# Amplificador audio hibrido



## facur4 (Abr 2, 2010)

Hola gente. Quiero compartir con ustedes un diseño propio de un amplificador de audio. La etapa de potencia esta calculada para que de unos 30 W aproximadamente sobre una carga de 8 ohms si se la alimenta con +- 24 V. Como ven en la figura, la entrada es una valvula 12ax7. Quiero preguntarles. ¿Esa válvula le dará un sonido característico o realmente no tendrá efecto alguno en el audio? 
La 12ax7 en esa configuración está amplificando 50 veces. El operacional está para que trabaje como adaptador de impedancias y de paso colabora con la linealidad del circuito al tener una realimentación directamente desde el parlante.Como verán ese operacional tiene una ganancia unitaria al no tener resistencia entre la salida y la entrada inversora. Mejor dicho, toda la etapa desde la entrada del operacional hasta el parlante tiene ganancia de tensón unitaria. Opcionalmente podemos poner un pote para que tenga ganancia. Pero quise dejarle esa función a la válvula.
 Espero sus comentarios. Gracias


----------



## Cacho (Abr 2, 2010)

facur4 dijo:


> ¿Esa válvula le dará un sonido característico o realmente no tendrá efecto alguno en el audio?


Va a sonar valvuloso.

Lo que sí, para las tensiones (potencias) que estás pensando usar te recomendaría irte por un LM3886 o un TDA7294. Son integrados que te van a sacar del problema de calibraciones y demás y te van a dar muy buen resultado en lugar de los transistores.

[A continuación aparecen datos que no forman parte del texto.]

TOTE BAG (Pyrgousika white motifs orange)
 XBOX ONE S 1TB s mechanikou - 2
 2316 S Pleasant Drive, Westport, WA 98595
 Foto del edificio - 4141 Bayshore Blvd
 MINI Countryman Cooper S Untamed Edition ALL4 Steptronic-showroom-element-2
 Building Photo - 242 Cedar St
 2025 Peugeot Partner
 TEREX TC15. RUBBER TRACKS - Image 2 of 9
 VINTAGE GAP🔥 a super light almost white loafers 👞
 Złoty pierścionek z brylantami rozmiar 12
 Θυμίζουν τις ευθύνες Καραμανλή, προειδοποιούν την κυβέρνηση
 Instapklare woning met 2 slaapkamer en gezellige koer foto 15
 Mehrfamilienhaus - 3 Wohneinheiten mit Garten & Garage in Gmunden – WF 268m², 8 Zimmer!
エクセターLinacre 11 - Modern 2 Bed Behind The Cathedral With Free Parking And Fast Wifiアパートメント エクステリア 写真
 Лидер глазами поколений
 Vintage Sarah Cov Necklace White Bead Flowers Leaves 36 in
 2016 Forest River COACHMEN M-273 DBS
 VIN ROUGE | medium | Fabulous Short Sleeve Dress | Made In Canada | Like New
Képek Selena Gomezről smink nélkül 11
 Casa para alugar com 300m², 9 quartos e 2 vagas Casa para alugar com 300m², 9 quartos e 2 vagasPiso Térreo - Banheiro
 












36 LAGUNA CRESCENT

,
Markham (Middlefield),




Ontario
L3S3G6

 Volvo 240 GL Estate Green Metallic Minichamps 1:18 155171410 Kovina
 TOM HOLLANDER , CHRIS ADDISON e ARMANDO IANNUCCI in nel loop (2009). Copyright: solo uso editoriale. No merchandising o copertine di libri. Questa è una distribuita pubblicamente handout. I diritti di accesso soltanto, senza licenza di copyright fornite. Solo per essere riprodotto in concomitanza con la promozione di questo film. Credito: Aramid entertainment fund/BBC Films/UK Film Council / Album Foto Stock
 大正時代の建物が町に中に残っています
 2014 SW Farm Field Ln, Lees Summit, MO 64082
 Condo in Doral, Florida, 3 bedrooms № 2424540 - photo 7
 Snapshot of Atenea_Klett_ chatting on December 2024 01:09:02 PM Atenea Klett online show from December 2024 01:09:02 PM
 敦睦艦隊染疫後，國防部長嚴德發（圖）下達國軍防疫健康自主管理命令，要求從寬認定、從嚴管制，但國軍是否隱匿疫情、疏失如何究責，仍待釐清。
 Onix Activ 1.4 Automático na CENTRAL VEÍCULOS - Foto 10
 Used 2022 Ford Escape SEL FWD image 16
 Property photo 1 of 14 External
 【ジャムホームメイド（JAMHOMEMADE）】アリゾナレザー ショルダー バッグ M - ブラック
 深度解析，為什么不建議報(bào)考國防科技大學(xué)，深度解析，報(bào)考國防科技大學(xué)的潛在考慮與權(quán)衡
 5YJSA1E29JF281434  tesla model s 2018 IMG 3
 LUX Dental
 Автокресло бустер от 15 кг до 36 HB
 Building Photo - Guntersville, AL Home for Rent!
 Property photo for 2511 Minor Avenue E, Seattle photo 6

Lo de la ganancia... Bueno, eso me suena raro, pero es un detalle menor.

Saludos


----------



## facur4 (Abr 2, 2010)

Cacho dijo:


> Va a sonar valvuloso.
> 
> Lo que sí, para las tensiones (potencias) que estás pensando usar te recomendaría irte por un LM3886 o un TDA7294. Son integrados que te van a sacar del problema de calibraciones y demás y te van a dar muy buen resultado en lugar de los transistores.
> 
> ...


Hola, gracias por tu ayuda. Mirá.Como soy estudiante de electrónica decidí meterme con los transistores en vez de comprar el integrado hecho. Es mas personalizable y creo que sientes gusto al escuchar tu propio invento. De válvulas sólo he leído un poco de manuales nada más por eso ando con esas dudas. Saludos


----------



## Dr. Zoidberg (Abr 2, 2010)

facur4 dijo:


> Hola gente. Quiero compartir con ustedes un diseño propio de un amplificador de audio. La etapa de potencia esta calculada para que de unos 30 W aproximadamente sobre una carga de 8 ohms si se la alimenta con +- 24 V. Como ven en la figura, la entrada es una valvula 12ax7. Quiero preguntarles. *¿Esa válvula le dará un sonido característico o realmente no tendrá efecto alguno en el audio? *



Mirá facur:
El "sonido de las válvulas" se debe a varias cosas, y todas esas "cosas" deben estar en el camino de la señal si querés lograr reproducirlo.
Haciendo lo que has propuesto; pre valvular + ampli con transistores; vas a lograr reconstruir una buena parte del "efecto" pero no todo, por que si bien gran parte del mito urbano del sonido de la válvulas es "real" la diferencia principal con un diseño con transistores se debe a que el diseño con sonido a válvulas es *inherentemente malo*, con la idea de que distorsione ya que las válvulas tienen un tipo de distorsión "particular" que a muchos les gusta. Otra causa del "sonido a valvulas" no se debe a las válvulas en sí, sino al transformador de salida, que no existe en tu diseño. Y el ultimo efecto importante es la distorsión de la etapa de salida, que es una distorsión "suave y panzona" (hablando de la forma de onda) contra el escalón violento que meten los transistores...y esto es otra cosa que no vas a tener.
Lo de los pre-valvulares tiene sentido si es un amplificador para guitarra o bajo, donde la distorsión propia del diseño del pre es util para los intérpretes, pero si lo tuyo es para Alta Fidelidad, desde ya te aviso que la fidelidad no va a ser muy alta, por que estás diseñando un equipo para que distorsione en lugar de ser un equipo "transparente".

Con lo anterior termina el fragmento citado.